Keep in mind that these are minimum record retention guidelines. Unless otherwise noted by the government, you can retain all of your accounting records forever.

 

Don't make accounting record retention more of a burden than it has to be

Knowing how long you have to retain accounting documents is only half the battle. Now you have to find a way to manage it all. Trying to keep up with all of these accounting documents for periods that vary between several years to forever can seem like an overwhelming task for the most organized accounting team. You can significantly reduce the burden created by accounting records retention guidelines by streamlining your entire document management process with the following steps:

Stop hoarding paper

No matter how organized your filing system is, sorting through hundreds of pounds of paperwork is time consuming. Instead of trying to find the space to file away more general journal entries, stop using paper. Switch to digital documents for your future accounting endeavors.

Keep in mind that the federal government has put in place records management legislation that makes using digital documents easier. As you make the switch, be sure to have your current accounting documents professionally converted to digital files. You can also have all of your data captured and indexed -- no matter how bad the handwriting on your documents is. This way, everything will be accessible via the same channel.

Use the tools available to you to make document management easier

Switching to digital accounting records is great, but if you are simply placing everything in arbitrarily defined folders, then you will still have to sift through a lot of files to access specific accounting records. Make sure that you implement a proper document management system that will make accessing your accounting records as easy as doing a quick Google search. This can also reduce the likelihood of accidental record destruction by automatically making certain types of files read only within their retention period.

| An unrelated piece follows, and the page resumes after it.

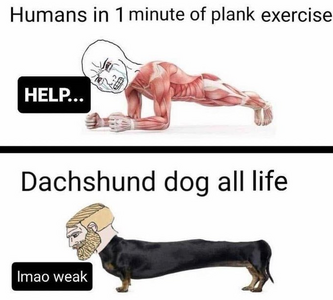 1777122741344.png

*Note: if an accounting record is accidentally lost or destroyed, be sure to immediately notify a relevant government agency

 

Pre-emptively preparing for accounting records retention guidelines will put your entire company in a better position

You should not have to worry about whether or not an accounting document is destroyed or lost before its time. A knowledge of the guidelines and a streamlined accounting document management system will prevent this from happening.